Every line of the material must be set down again without alteration.
------
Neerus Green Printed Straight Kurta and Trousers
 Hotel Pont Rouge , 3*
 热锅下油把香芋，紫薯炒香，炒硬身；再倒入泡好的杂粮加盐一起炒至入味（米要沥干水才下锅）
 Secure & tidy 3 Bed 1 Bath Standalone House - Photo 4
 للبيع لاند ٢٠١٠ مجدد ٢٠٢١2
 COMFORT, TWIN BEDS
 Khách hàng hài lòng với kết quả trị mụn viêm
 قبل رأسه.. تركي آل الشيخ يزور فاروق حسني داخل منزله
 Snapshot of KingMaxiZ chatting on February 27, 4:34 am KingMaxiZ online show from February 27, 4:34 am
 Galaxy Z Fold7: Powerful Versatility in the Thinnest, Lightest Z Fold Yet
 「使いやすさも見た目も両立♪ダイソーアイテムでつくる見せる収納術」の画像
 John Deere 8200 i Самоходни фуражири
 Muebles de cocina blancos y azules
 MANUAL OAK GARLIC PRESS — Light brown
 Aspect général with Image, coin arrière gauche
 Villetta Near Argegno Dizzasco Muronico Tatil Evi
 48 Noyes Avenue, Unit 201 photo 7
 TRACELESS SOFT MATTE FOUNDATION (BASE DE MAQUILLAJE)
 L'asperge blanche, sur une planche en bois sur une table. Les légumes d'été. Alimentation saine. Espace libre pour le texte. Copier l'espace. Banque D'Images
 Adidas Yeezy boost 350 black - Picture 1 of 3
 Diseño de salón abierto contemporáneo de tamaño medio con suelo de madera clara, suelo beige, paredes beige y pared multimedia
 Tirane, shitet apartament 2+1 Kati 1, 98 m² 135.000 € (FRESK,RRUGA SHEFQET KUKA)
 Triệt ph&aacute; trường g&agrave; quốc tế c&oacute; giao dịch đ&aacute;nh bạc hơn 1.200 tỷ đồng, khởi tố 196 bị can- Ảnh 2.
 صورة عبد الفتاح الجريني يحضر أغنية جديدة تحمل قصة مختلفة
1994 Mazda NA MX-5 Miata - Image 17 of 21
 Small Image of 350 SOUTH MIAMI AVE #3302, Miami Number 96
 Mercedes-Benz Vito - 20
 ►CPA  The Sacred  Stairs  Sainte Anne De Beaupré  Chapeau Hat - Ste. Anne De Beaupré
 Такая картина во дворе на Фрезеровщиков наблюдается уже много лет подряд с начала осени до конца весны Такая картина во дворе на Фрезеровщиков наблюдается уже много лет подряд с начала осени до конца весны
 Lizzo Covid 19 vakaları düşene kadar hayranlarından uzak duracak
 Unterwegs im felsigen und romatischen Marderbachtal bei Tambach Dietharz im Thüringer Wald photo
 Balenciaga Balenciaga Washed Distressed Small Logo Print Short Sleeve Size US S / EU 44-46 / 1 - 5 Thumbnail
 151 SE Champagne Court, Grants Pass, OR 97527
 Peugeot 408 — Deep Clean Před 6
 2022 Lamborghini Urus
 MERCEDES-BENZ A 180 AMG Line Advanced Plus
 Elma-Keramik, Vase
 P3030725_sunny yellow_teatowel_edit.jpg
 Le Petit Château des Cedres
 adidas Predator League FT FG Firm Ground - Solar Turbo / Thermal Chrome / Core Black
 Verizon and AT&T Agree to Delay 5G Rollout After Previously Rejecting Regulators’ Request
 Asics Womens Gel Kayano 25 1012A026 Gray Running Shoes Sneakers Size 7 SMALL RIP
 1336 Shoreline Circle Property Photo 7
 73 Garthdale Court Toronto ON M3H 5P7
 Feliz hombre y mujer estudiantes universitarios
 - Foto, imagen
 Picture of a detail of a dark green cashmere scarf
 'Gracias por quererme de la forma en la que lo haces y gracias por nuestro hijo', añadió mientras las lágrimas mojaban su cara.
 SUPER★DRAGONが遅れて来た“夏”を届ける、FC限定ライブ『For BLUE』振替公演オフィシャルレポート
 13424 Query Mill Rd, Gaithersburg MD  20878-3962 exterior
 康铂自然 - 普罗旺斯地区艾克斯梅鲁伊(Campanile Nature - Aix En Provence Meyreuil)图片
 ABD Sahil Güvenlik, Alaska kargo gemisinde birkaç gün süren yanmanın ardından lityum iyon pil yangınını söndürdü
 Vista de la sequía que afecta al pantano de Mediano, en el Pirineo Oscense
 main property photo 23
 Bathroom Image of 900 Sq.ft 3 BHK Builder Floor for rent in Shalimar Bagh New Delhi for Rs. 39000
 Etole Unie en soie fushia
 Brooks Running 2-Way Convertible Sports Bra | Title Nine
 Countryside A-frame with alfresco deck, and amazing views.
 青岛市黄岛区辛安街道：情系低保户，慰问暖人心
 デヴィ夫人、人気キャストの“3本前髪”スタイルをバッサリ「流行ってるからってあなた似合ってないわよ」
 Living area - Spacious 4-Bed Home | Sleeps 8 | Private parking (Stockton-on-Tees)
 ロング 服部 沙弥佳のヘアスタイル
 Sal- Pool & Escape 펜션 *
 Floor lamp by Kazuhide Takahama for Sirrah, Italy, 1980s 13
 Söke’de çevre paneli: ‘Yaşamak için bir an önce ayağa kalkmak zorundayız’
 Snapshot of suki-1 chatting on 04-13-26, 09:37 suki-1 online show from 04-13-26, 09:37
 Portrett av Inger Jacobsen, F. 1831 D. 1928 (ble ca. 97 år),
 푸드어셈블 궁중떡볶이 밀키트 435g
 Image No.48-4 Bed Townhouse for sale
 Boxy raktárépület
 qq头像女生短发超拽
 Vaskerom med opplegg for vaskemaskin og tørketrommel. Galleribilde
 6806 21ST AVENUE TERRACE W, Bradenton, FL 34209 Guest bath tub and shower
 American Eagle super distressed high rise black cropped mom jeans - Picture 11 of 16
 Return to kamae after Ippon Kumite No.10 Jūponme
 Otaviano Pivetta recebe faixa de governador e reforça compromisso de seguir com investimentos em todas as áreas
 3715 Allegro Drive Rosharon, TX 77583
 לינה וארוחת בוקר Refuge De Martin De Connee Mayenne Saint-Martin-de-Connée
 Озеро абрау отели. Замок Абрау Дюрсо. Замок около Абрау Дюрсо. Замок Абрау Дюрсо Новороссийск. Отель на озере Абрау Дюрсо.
------
EXERCISE ANSWER —
Neerus Green Printed Straight Kurta and Trousers
 Hotel Pont Rouge , 3*
 热锅下油把香芋，紫薯炒香，炒硬身；再倒入泡好的杂粮加盐一起炒至入味（米要沥干水才下锅）
 Secure & tidy 3 Bed 1 Bath Standalone House - Photo 4
 للبيع لاند ٢٠١٠ مجدد ٢٠٢١2
 COMFORT, TWIN BEDS
 Khách hàng hài lòng với kết quả trị mụn viêm
 قبل رأسه.. تركي آل الشيخ يزور فاروق حسني داخل منزله
 Snapshot of KingMaxiZ chatting on February 27, 4:34 am KingMaxiZ online show from February 27, 4:34 am
 Galaxy Z Fold7: Powerful Versatility in the Thinnest, Lightest Z Fold Yet
 「使いやすさも見た目も両立♪ダイソーアイテムでつくる見せる収納術」の画像
 John Deere 8200 i Самоходни фуражири
 Muebles de cocina blancos y azules
 MANUAL OAK GARLIC PRESS — Light brown
 Aspect général with Image, coin arrière gauche
 Villetta Near Argegno Dizzasco Muronico Tatil Evi
 48 Noyes Avenue, Unit 201 photo 7
 TRACELESS SOFT MATTE FOUNDATION (BASE DE MAQUILLAJE)
 L'asperge blanche, sur une planche en bois sur une table. Les légumes d'été. Alimentation saine. Espace libre pour le texte. Copier l'espace. Banque D'Images
 Adidas Yeezy boost 350 black - Picture 1 of 3
 Diseño de salón abierto contemporáneo de tamaño medio con suelo de madera clara, suelo beige, paredes beige y pared multimedia
 Tirane, shitet apartament 2+1 Kati 1, 98 m² 135.000 € (FRESK,RRUGA SHEFQET KUKA)
 Triệt ph&aacute; trường g&agrave; quốc tế c&oacute; giao dịch đ&aacute;nh bạc hơn 1.200 tỷ đồng, khởi tố 196 bị can- Ảnh 2.
 صورة عبد الفتاح الجريني يحضر أغنية جديدة تحمل قصة مختلفة
1994 Mazda NA MX-5 Miata - Image 17 of 21
 Small Image of 350 SOUTH MIAMI AVE #3302, Miami Number 96
 Mercedes-Benz Vito - 20
 ►CPA  The Sacred  Stairs  Sainte Anne De Beaupré  Chapeau Hat - Ste. Anne De Beaupré
 Такая картина во дворе на Фрезеровщиков наблюдается уже много лет подряд с начала осени до конца весны Такая картина во дворе на Фрезеровщиков наблюдается уже много лет подряд с начала осени до конца весны
 Lizzo Covid 19 vakaları düşene kadar hayranlarından uzak duracak
 Unterwegs im felsigen und romatischen Marderbachtal bei Tambach Dietharz im Thüringer Wald photo
 Balenciaga Balenciaga Washed Distressed Small Logo Print Short Sleeve Size US S / EU 44-46 / 1 - 5 Thumbnail
 151 SE Champagne Court, Grants Pass, OR 97527
 Peugeot 408 — Deep Clean Před 6
 2022 Lamborghini Urus
 MERCEDES-BENZ A 180 AMG Line Advanced Plus
 Elma-Keramik, Vase
 P3030725_sunny yellow_teatowel_edit.jpg
 Le Petit Château des Cedres
 adidas Predator League FT FG Firm Ground - Solar Turbo / Thermal Chrome / Core Black
 Verizon and AT&T Agree to Delay 5G Rollout After Previously Rejecting Regulators’ Request
 Asics Womens Gel Kayano 25 1012A026 Gray Running Shoes Sneakers Size 7 SMALL RIP
 1336 Shoreline Circle Property Photo 7
 73 Garthdale Court Toronto ON M3H 5P7
 Feliz hombre y mujer estudiantes universitarios
 - Foto, imagen
 Picture of a detail of a dark green cashmere scarf
 'Gracias por quererme de la forma en la que lo haces y gracias por nuestro hijo', añadió mientras las lágrimas mojaban su cara.
 SUPER★DRAGONが遅れて来た“夏”を届ける、FC限定ライブ『For BLUE』振替公演オフィシャルレポート
 13424 Query Mill Rd, Gaithersburg MD  20878-3962 exterior
 康铂自然 - 普罗旺斯地区艾克斯梅鲁伊(Campanile Nature - Aix En Provence Meyreuil)图片
 ABD Sahil Güvenlik, Alaska kargo gemisinde birkaç gün süren yanmanın ardından lityum iyon pil yangınını söndürdü
 Vista de la sequía que afecta al pantano de Mediano, en el Pirineo Oscense
 main property photo 23
 Bathroom Image of 900 Sq.ft 3 BHK Builder Floor for rent in Shalimar Bagh New Delhi for Rs. 39000
 Etole Unie en soie fushia
 Brooks Running 2-Way Convertible Sports Bra | Title Nine
 Countryside A-frame with alfresco deck, and amazing views.
 青岛市黄岛区辛安街道：情系低保户，慰问暖人心
 デヴィ夫人、人気キャストの“3本前髪”スタイルをバッサリ「流行ってるからってあなた似合ってないわよ」
 Living area - Spacious 4-Bed Home | Sleeps 8 | Private parking (Stockton-on-Tees)
 ロング 服部 沙弥佳のヘアスタイル
 Sal- Pool & Escape 펜션 *
 Floor lamp by Kazuhide Takahama for Sirrah, Italy, 1980s 13
 Söke’de çevre paneli: ‘Yaşamak için bir an önce ayağa kalkmak zorundayız’
 Snapshot of suki-1 chatting on 04-13-26, 09:37 suki-1 online show from 04-13-26, 09:37
 Portrett av Inger Jacobsen, F. 1831 D. 1928 (ble ca. 97 år),
 푸드어셈블 궁중떡볶이 밀키트 435g
 Image No.48-4 Bed Townhouse for sale
 Boxy raktárépület
 qq头像女生短发超拽
 Vaskerom med opplegg for vaskemaskin og tørketrommel. Galleribilde
 6806 21ST AVENUE TERRACE W, Bradenton, FL 34209 Guest bath tub and shower
 American Eagle super distressed high rise black cropped mom jeans - Picture 11 of 16
 Return to kamae after Ippon Kumite No.10 Jūponme
 Otaviano Pivetta recebe faixa de governador e reforça compromisso de seguir com investimentos em todas as áreas
 3715 Allegro Drive Rosharon, TX 77583
 לינה וארוחת בוקר Refuge De Martin De Connee Mayenne Saint-Martin-de-Connée
 Озеро абрау отели. Замок Абрау Дюрсо. Замок около Абрау Дюрсо. Замок Абрау Дюрсо Новороссийск. Отель на озере Абрау Дюрсо.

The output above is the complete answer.